Brett A. Grimaud, Attorney-in-Fact
2015-04-24
EX-24.TXT
2
ringpoa.txt
POWER OF ATTORNEY
Exhibit 24
POWER OF ATTORNEY
Know all by these presents, that the undersigned hereby constitutes and
appoints Bradford Shafer, Heather Shane, Brett Grimaud and Elizabeth Webb with
full power of substitution, as the undersigned's true and lawful
attorneys-in-fact to:
(1) prepare, execute in the undersigned's name and on the undersigned's
behalf, and submit to the U.S. Securities and Exchange Commission (the "SEC") a
Form ID, including amendments thereto, and any other documents necessary or
appropriate to obtain codes and passwords enabling the undersigned to make
electronic filings with the SEC of reports required by Section 16(a) of the
Securities Exchange Act of 1934 or any rule or regulation of the SEC;
(2) execute for and on behalf of the undersigned, in the undersigned's
capacity as an officer, director and/or 10% stockholder of Theravance Biopharma,
Inc. (the "Company"), Forms 3, 4, and 5 in accordance with Section 16(a) of the
Securities Exchange Act of 1934 and the rules thereunder;
(3) do and perform any and all acts for and on behalf of the undersigned
which may be necessary or desirable to complete and execute any such Form 3, 4,
or 5, complete and execute any amendment or amendments thereto, and timely file
such form with the SEC and any stock exchange or similar authority; and
(4) take any other action of any type whatsoever in connection with the
foregoing which, in the opinion of such attorneys-in-fact, may be of benefit to,
in the best interest of, or legally required by, the undersigned, it being
understood that the documents executed by such attorneys-in-fact on behalf
of the undersigned pursuant to this Power of Attorney shall be in such form and
shall contain such terms and conditions as such attorneys-in-fact may approve in
such attorneys-in-fact's discretion.
The undersigned hereby grants to each such attorney-in-fact full power
and authority to do and perform any and every act and thing whatsoever
requisite, necessary, or proper to be done in the exercise of any of the rights
and powers herein granted, as fully to all intents and purposes as the
undersigned might or could do if personally present, with full power of
substitution or revocation, hereby ratifying and confirming all that such
attorneys-in-fact, or such attorneys-in-fact's substitute or substitutes, shall
lawfully do or cause to be done by virtue of this power of attorney and the
rights and powers herein granted.
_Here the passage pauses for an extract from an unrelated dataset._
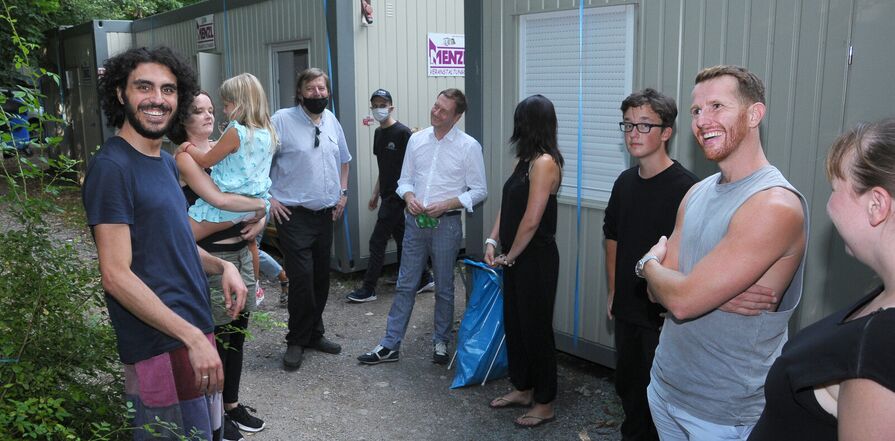 Foto zu Theatercamp – „Utopie und Träume: Wovon träumst du (über)morgen?“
The undersigned acknowledges that the
foregoing attorneys-in-fact, in serving in such capacity at the request of
the undersigned, are not assuming, nor is the Company assuming, any of the
undersigned's responsibilities to comply with Section 16 of the Securities
Exchange Act of 1934.
This Power of Attorney shall remain in full force and effect until
the undersigned is no longer required to file Forms 3, 4, and 5 with respect
to the undersigned's holdings of and transactions in securities issued by the
Company, unless earlier revoked by the undersigned in a signed writing
delivered to the foregoing attorneys-in-fact.
IN WITNESS WHEREOF, the undersigned has caused this Power of Attorney
to be executed as of this 31st day of January, 2014.